Note that different colored dye formers may be used for the thermal image layers of the two sheets 12. As a result, different colored copies may be produced by a single ulti- copy form 10 as discussed below.

It is important to point out that the amount of heat transmitted by the sheets 12, 14, and 16 may be varied by using different papers for the sheets which have different thermal conductivity properties. Therefore, copies of different colors may be made by varying the thermal conductivity of the imaging sheets 12 and by applying to the sheets 12 thermal image layers having different colored dye formers and different colored developers. In this way, for example, the original copy formed by top sheet 14 may be followed by a red copy and a blue copy, or vice versa. The melting points of the developers determine the thermal sensitivity of the imaging sheets 12. By varying the melting points of the developers, using different colored dye formers, and varying the thermal conductivity of the imaging sheets 12, the multi-copy form 10. may be used to provide copies of any desirable color.

If more than one imaging sheet 12 is used (e.g., see FIG. 4) , the upper sheets 12 and 14 preferably have high thermal conductivity properties, and are preferably thin and dense. Note that any number of imaging sheets 12 may be used (e.g., more than the two sheets shown in FIG. 4). In addition, the melting points of the color developers used for the thermal image layers of the sheets 12 preferably are:

blue = 118° C; red = 215° C; and green = 216° C.

It is important to note that the melting points of the color developers may be varied as desired. The scope of this invention is not intended to be limited by the ranges used for the melting temperatures of the color developers, and/or for the thermal conductivity of sheets 12, 14 and 16. While some particular, preferred thermally-sensitive layers have been disclosed, others which are known and which have been disclosed in the literature may be used. In general, high-sensitivity, heat-responsive color toners, yielding maximum density of color with the least amount of heat, should be used.

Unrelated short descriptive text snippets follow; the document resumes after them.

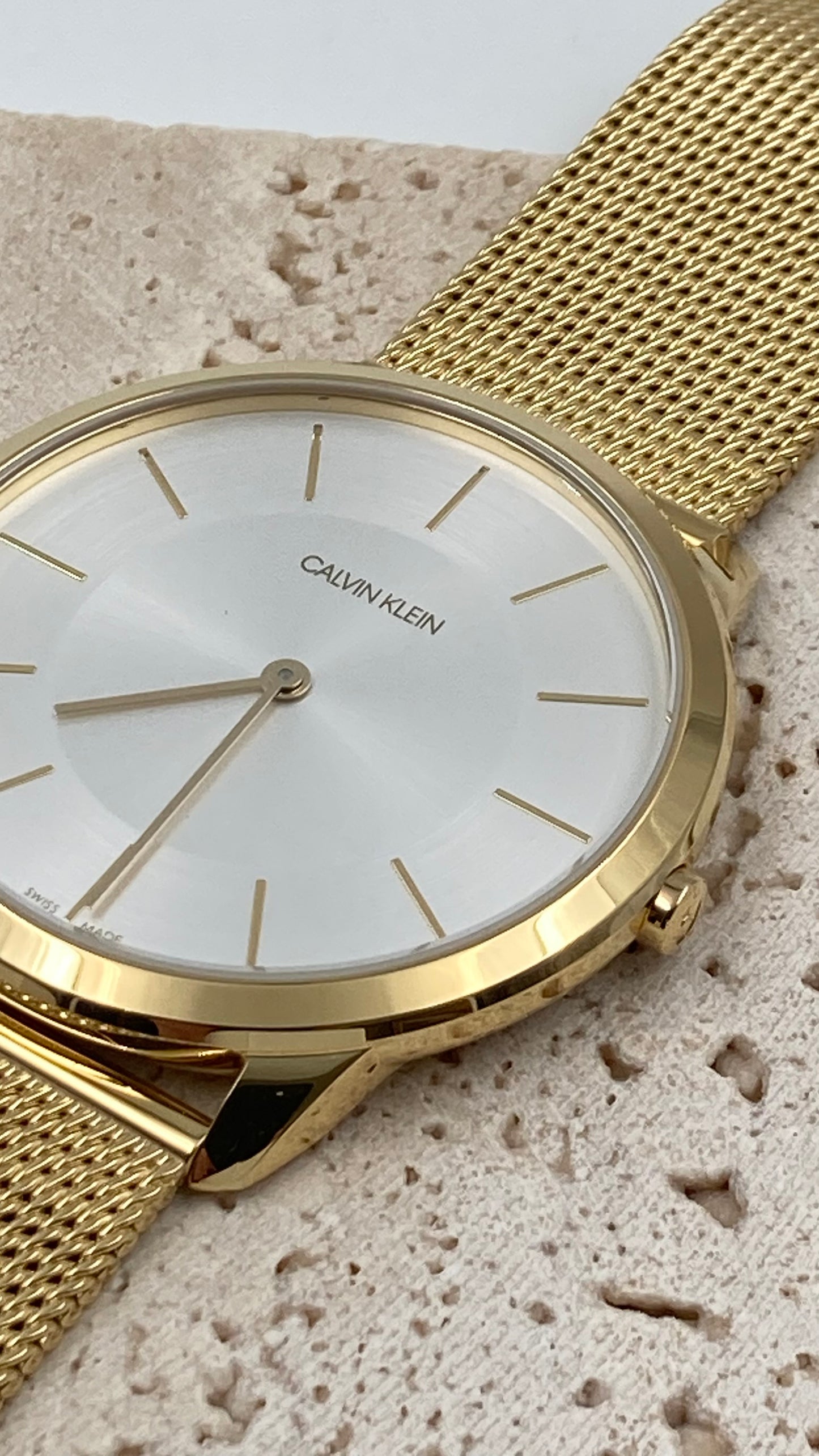 New Swiss Made CALVIN KLEIN Quartz Silver Dial Men's Watch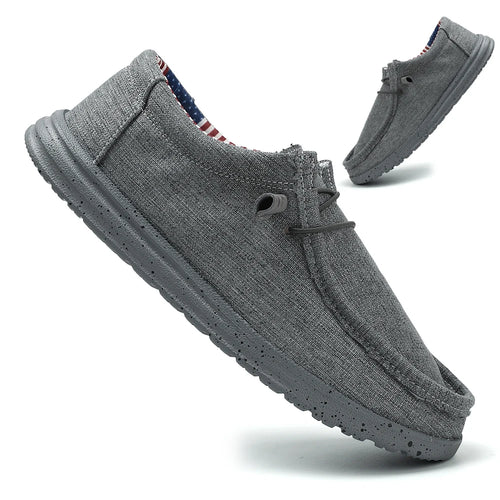 Plus Size Men's Solid Color Breathable Slip On Classic Loafer Shoes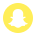 icons snapchat circled logo 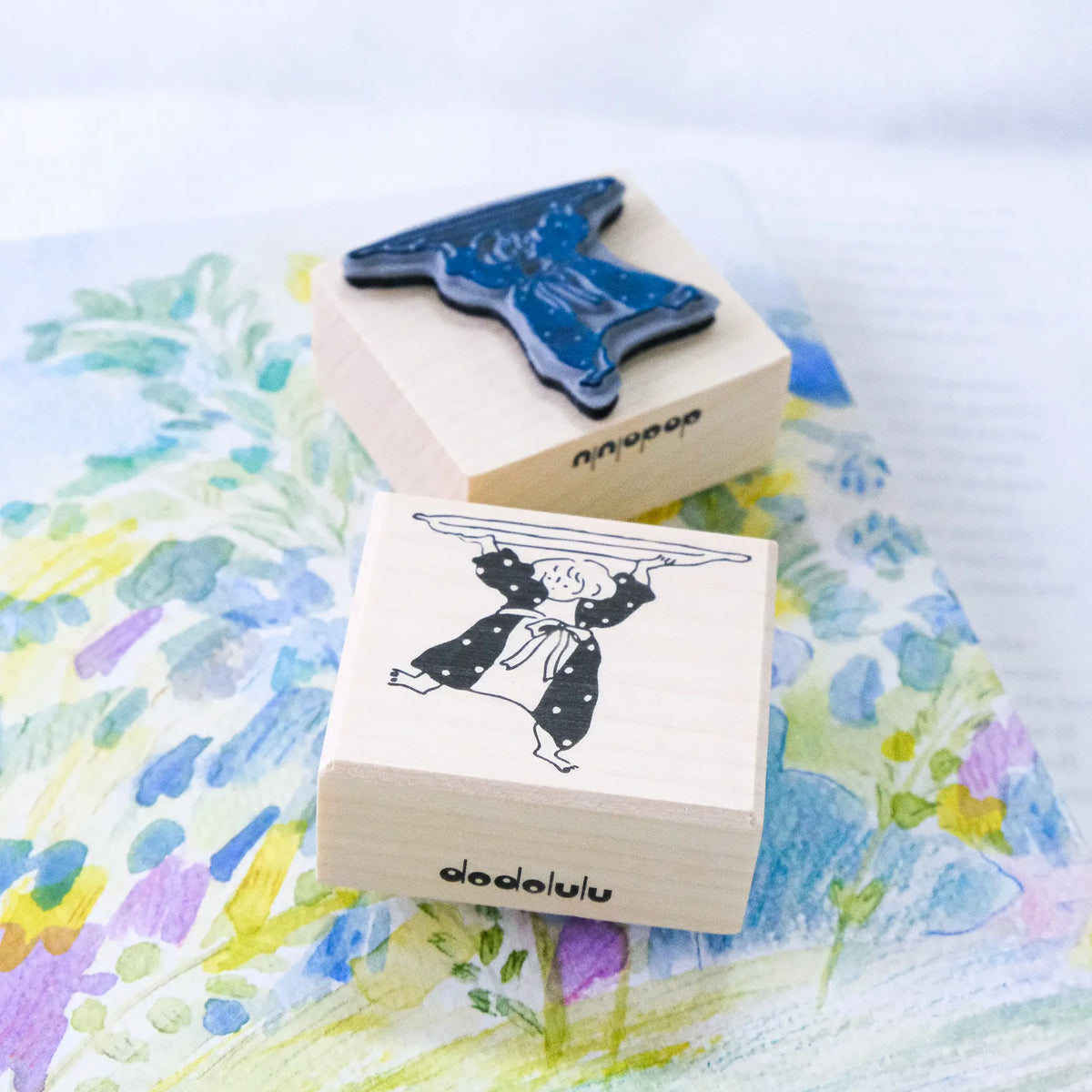 Bon Appétit Rubber Stamp by Dodolulu — Dodolulu-branded wooden rubber stamps, for journaling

The above description discloses the preferred embodiments of the present invention. However, persons of ordinary skill in the art are capable of numerous modifications once taught these principles. Thus, by way of example and not of limitation, instead of using a multiple-layer form or multiple-sheet form with the lowermost layer usually serving heat insulation functions, this lowermost layer may be eliminated, with the adjacent roller being held at a somewhat cooler temperature and/or using thermal copier paper which has low thermal transmissive properties either by being relatively thick, or by the composition of the paper. It may also be noted that the multiple layers or sheets may be secured together only along a limited area or along one edge by the pressure-sensitive adhesive or in any other desirable manner.

Accordingly, it will be understood by those skilled in the art that changes in form and details may be made to the above-described embodiments without departing from the spirit and scope of the invention.